The Indian wedding season, which starts in October and lasts until spring, can at times seem like a bridal invasion. Traffic grinds to a halt in major cities on wedding dates thought to be astrologically auspicious. On particularly lucky days, newspapers reported up to 60,000 couples tying the knot in New Delhi alone.
For centuries, Indian marriages were alliances between families of similar backgrounds, and the weddings were displays of status and wealth. In many ways, the quest for status is only intensifying as India's economy grows.
Nidhi Gaur, 25, a recent guest on a Shagun talk show, said the TV channel has helped her prepare for her fairytale wedding.
"I can decide: 'This is the place I want to buy my dresses, my jewelry,'" she said.
Nidhi's family began saving for her wedding when she turned 18. Five hundred people are expected at her catered November nuptials at what she calls a "lavish five-star hall."
If much of the channel is dedicated to astrology and matchmaking shows, it is also breaking privacy taboos by bringing on couples to openly share private details of their relationships. But don't expect risque American-style confessions. This is a family-friendly channel, where feel-good content is the rule.
In one talk show, "So It's Final," engaged couples share details about how they met, the qualities they like and dislike in one another, and expectations of married life.
The show is designed as a "pre-marriage therapy session," said Anuranjan Jha, Shagun TV's managing director. But, he acknowledges, there's no talk about sex or serious marital discord. Its aim is not to create drama, but "to help in guiding how to lead a good life," he said.
If things are fairly tame now, the show's hosts intend to raise pricklier wedding issues, like dowry demands and inter-caste marriages.
Shagun TV says its aim is to give a platform to middle-class Indians who want to be in the spotlight. In fact, couples shell out between $11,000 and $19,000 to flaunt their multi-day wedding festivities on the channel with the price depending on how many nights of the celebration they want aired.
"You want to put your life on display more and more," said Santosh Desai, a sociologist and writer. "Earlier, your hierarchy was based on the community that you came from. As that becomes less and less important and as you become more cosmopolitan, how do you communicate who you are and where you have reached?"

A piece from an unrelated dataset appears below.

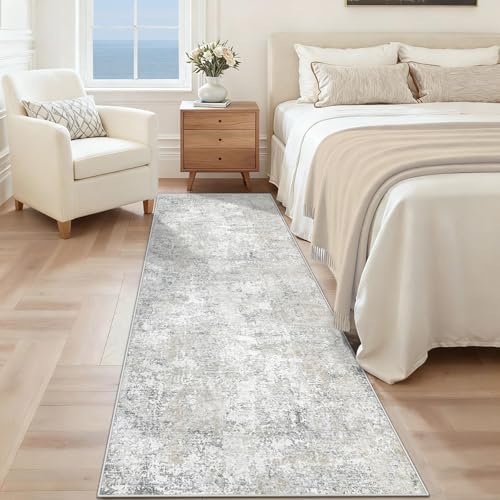 XLUEZ 2x7 Runner Rug for Hallway, Washable Modern Abstract Runner Rugs Neutral Soft Non Slip Kids Rug Stain Resistant Indoor Runners for Entryway Bedroom Kitchen Laundry Room(BeigeGrey, 2'x7') - Image 2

But some media analysts say Shagun's model may not work, amid the proliferation of channels and fragmentation of audiences.
"Nobody wants to watch nobodies on television," said Anil Wanvari, editor-in-chief of Indiantelevision.com. "With 700 channels available, there is a problem of plenty. It's not an easy game."
But Shagun executives say they've got a built-in target audience of tens of millions of Indians: singles and newlyweds aged 22 to 32, as well as family members closely involved in the extravagant marriage process.
Many of those families are wondering: How do you hold onto ancient traditions in a modern India, where the family structure now faces working women and greater individual aspirations?
Nidhi's mother, Durgesh Gaur, says the answer may be found on television.
"It's possible that Shagun TV, through emphasizing marriage and family, brings back our Indian values and traditions," she said.